Section 03

Embeddings

Token IDs → vectors

We now have a list of integers. That’s still not useful for a neural network — the integers are arbitrary indices, and the network needs to understand that “king” and “queen” are related while “king” and “banana” are not. We need each integer to become an object that can carry meaning: a list of real numbers. That object is called an embedding .

A giant lookup table

The first layer of the model is, structurally, the simplest one of all: an embedding matrix . It is a 2-D table with one row per token in the vocabulary and one column per dimension of the model’s “hidden size”, a number conventionally written $d_{\text{model}}$ (read “d-model”).

For Llama-3-8B, the vocabulary has 128,256 entries and $d_{\text{model}} = 4096$ . So the embedding matrix is 128,256 × 4096 — a little over half a billion numbers, around a gigabyte all on its own. To turn a token ID into a vector, you just go to that row of the table. Token ID 9906 (“Hello”) returns row 9906: a vector of 4,096 floats. No arithmetic at all, just indexing.

What does an embedding mean?

A 4,096-dimensional vector is hard to picture. But the rough intuition is: each dimension represents something about the token. One dimension might roughly correspond to “is this a noun?”, another to “is this related to royalty?”, another to “is this a proper noun?”, and so on. Real embeddings don’t have such clean axes — the meaningful directions are tangled across many dimensions — but the geometric facts are striking. Tokens with similar meanings really do end up near each other. The vector for “king” really is closer to “queen” than to “banana”, and the famous result king − man + woman ≈ queen works (roughly) in these spaces.
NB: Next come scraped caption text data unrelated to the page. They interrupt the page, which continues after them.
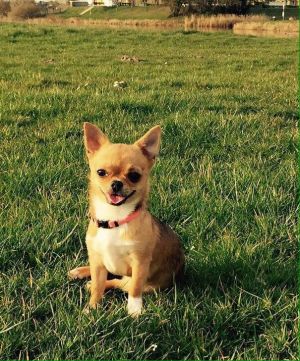 Dog Photo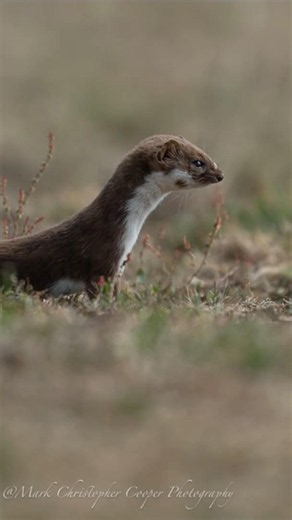 Pop Goes the Weasel! 🦦 Our First Ever Weasel at Stanpit Marsh! #Shorts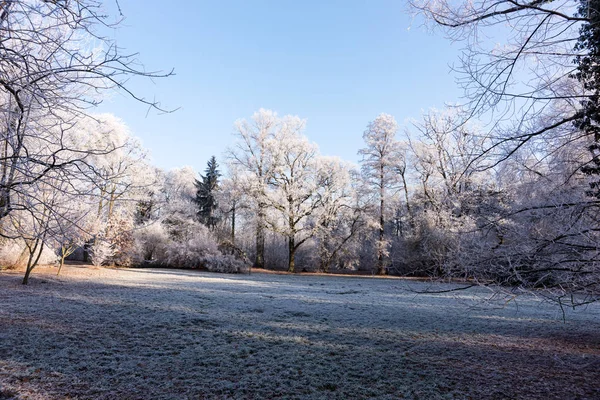 Winterlandschaft Winterwunderland Mit Wald Schneebedeckten Winterbäumen — Stockfoto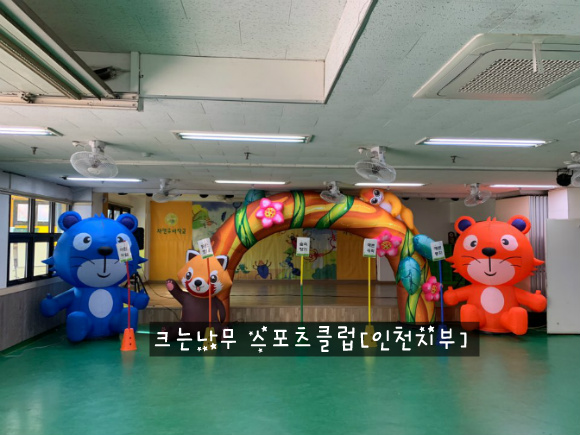 자연스포츠 이미지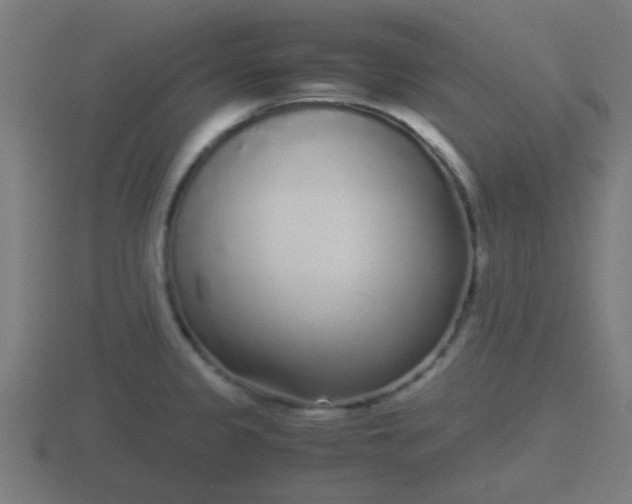 X0000116841333200912241221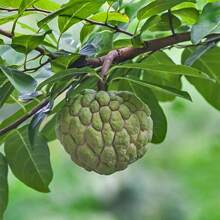 100 Pcs Seeds Apple Seeds, Custard Apple, Annona Squamosa - Tropical Exotic Delicious Sweet Fruits Fruit Seeds - Great Gardening Gift - 100顆種子 - 查看 1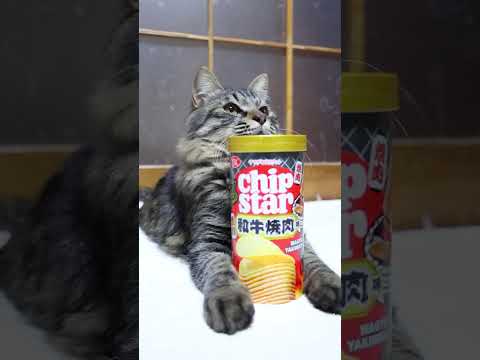 チップスターS 和牛焼肉味　260129　のせ猫　 cat cute ねこ　 ネコ　 猫のいる暮らし　 cutecat… サムネイル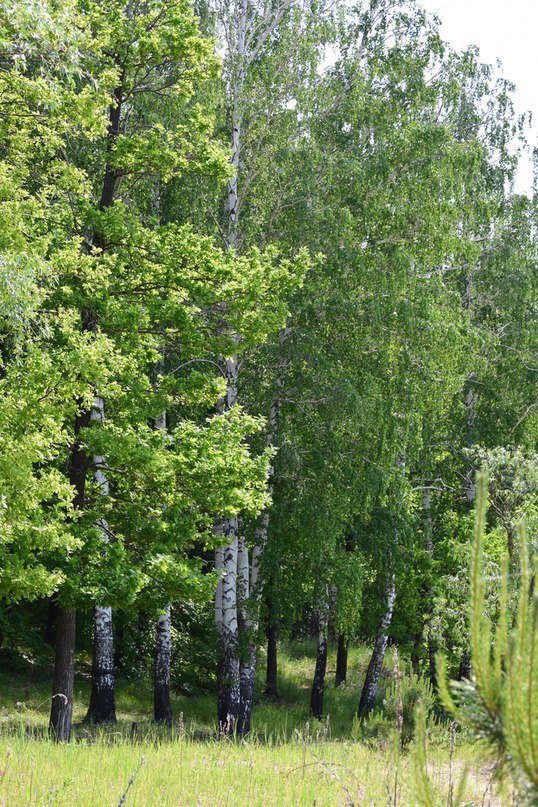 Белая берёза я тебя люблю, Дюмин, но без того надрыва, что был вчера на концерте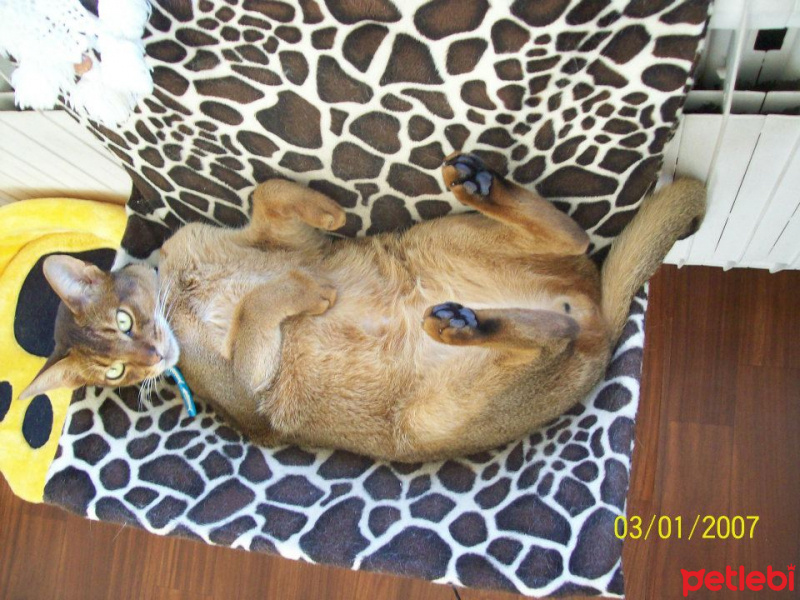 Abyssinian, Kedi  imhotep fotoğrafı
The values are learned. During training the embedding matrix starts random and gets nudged so that the model is better at predicting next tokens. The model “discovers” that certain tokens behave similarly and pushes their rows toward each other.

Try it

Below is a deterministic, fake embedding — the values are seeded from the token text so similar words won’t actually land near each other; they’ll just look like noise. But the shape is real: a token in, a row of d-many floats out. Visualized as colored bars (warm orange-red = negative, cyan = positive, brightness = magnitude, dark slate ≈ zero), this is what a token actually looks like to the rest of the model.
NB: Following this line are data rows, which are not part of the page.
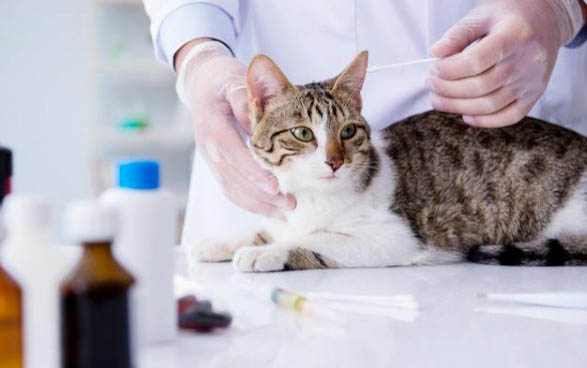 小猫不打疫苗可以吗?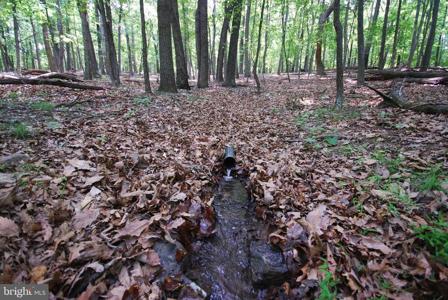 Lot 67 MILL MOUNTAIN ROAD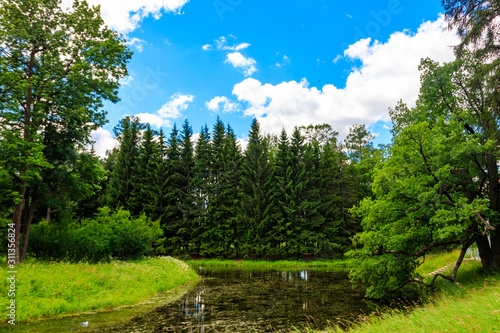 Small river in a mixed deciduous and coniferous forest in Russia. Summer landscape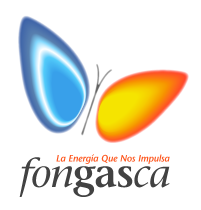 logo fongasca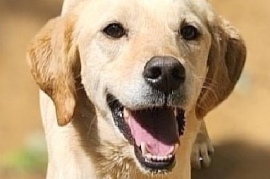 Yellow Labrador Retriever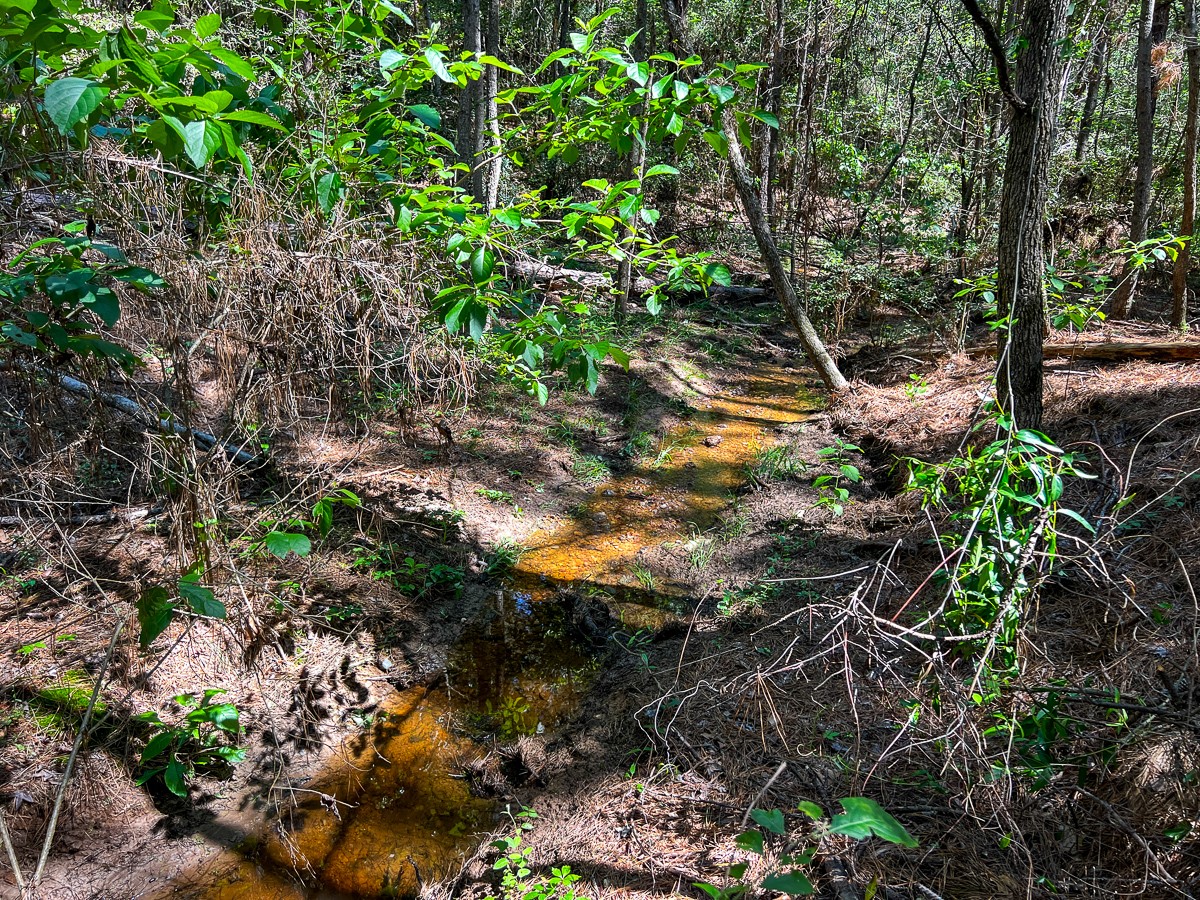 0 Sanford Road Corrigan, TX 75939 - Photo 5 of 17 a view of plants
Embedding vector visualizer

Showing a fake 128-D vector. Real models (Llama-3-8B) use d_model = 4,096. The values aren't real embeddings — they're deterministic noise seeded from the token — but the *shape* is the point: a token becomes a long row of floats.

Token:

token

"king"

dim

128

‖v‖₂

4.251

first 3 values

0.56, -0.00, -0.47…

In the real network, every other vector you’ll meet — the queries, keys, values, the activations between layers, the final hidden state — has the same shape as one of these: a row of $d_{\text{model}}$ floats. The whole rest of the model is just an enormous sequence of operations that transform such vectors into other such vectors.

A common confusion: input embedding vs output projection

There is one detail worth flagging now because it confuses everyone the first time. The model also needs to produce token outputs — at the end, a single vector of $d_{\text{model}}$ floats has to be turned back into a probability distribution over the vocabulary. That requires a “reverse embedding” matrix of the same shape (vocab × $d_{\text{model}}$ ).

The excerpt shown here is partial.